- YOUR INSTRUCTIONS: Lines to restate from the data below: from the one containing "Recorrido a caballo" to the one containing "Maillot de bain une pièce et jupe ADRIANA®", both included. Give them again exactly, and only them.

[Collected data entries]
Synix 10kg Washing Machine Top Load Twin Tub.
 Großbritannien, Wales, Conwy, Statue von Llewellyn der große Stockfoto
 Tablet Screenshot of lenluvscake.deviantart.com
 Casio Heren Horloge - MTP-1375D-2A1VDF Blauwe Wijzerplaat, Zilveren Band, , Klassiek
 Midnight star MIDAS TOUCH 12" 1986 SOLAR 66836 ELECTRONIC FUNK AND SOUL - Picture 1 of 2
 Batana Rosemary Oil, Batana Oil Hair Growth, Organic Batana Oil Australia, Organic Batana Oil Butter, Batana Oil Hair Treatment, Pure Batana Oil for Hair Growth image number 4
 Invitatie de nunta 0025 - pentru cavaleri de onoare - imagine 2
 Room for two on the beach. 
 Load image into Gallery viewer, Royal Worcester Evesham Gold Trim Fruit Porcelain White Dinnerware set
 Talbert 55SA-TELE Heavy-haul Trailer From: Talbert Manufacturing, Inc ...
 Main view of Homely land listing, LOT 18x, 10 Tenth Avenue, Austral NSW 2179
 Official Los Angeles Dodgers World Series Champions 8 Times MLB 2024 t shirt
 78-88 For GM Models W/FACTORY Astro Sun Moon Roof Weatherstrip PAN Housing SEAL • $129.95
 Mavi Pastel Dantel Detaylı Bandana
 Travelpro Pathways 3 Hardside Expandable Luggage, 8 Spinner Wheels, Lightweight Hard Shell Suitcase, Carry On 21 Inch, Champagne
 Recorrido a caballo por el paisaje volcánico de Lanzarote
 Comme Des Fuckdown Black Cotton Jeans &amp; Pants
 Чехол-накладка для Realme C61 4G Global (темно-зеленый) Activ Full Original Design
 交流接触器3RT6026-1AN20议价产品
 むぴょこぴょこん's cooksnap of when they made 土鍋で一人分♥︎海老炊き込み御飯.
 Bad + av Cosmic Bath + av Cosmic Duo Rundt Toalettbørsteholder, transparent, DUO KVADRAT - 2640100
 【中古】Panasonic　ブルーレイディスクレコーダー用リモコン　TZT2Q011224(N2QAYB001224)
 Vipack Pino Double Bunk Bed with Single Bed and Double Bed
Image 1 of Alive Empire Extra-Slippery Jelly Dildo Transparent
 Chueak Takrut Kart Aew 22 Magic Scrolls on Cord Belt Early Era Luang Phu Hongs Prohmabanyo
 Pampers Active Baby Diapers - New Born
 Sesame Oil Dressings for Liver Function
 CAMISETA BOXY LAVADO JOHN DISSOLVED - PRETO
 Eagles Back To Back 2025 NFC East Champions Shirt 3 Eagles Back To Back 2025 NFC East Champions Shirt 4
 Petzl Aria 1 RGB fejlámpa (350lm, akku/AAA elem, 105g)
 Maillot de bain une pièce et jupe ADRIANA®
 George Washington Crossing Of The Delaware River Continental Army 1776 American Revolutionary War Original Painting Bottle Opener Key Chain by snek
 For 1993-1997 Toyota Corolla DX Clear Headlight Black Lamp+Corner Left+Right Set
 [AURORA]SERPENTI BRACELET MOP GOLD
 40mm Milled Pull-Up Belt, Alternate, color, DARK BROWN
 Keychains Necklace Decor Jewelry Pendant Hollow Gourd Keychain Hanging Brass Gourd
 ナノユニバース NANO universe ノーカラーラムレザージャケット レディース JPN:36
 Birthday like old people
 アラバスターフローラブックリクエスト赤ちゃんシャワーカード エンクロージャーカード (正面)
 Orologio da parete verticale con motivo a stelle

- COMPLETED TASK:
 Recorrido a caballo por el paisaje volcánico de Lanzarote
 Comme Des Fuckdown Black Cotton Jeans &amp; Pants
 Чехол-накладка для Realme C61 4G Global (темно-зеленый) Activ Full Original Design
 交流接触器3RT6026-1AN20议价产品
 むぴょこぴょこん's cooksnap of when they made 土鍋で一人分♥︎海老炊き込み御飯.
 Bad + av Cosmic Bath + av Cosmic Duo Rundt Toalettbørsteholder, transparent, DUO KVADRAT - 2640100
 【中古】Panasonic　ブルーレイディスクレコーダー用リモコン　TZT2Q011224(N2QAYB001224)
 Vipack Pino Double Bunk Bed with Single Bed and Double Bed
Image 1 of Alive Empire Extra-Slippery Jelly Dildo Transparent
 Chueak Takrut Kart Aew 22 Magic Scrolls on Cord Belt Early Era Luang Phu Hongs Prohmabanyo
 Pampers Active Baby Diapers - New Born
 Sesame Oil Dressings for Liver Function
 CAMISETA BOXY LAVADO JOHN DISSOLVED - PRETO
 Eagles Back To Back 2025 NFC East Champions Shirt 3 Eagles Back To Back 2025 NFC East Champions Shirt 4
 Petzl Aria 1 RGB fejlámpa (350lm, akku/AAA elem, 105g)
 Maillot de bain une pièce et jupe ADRIANA®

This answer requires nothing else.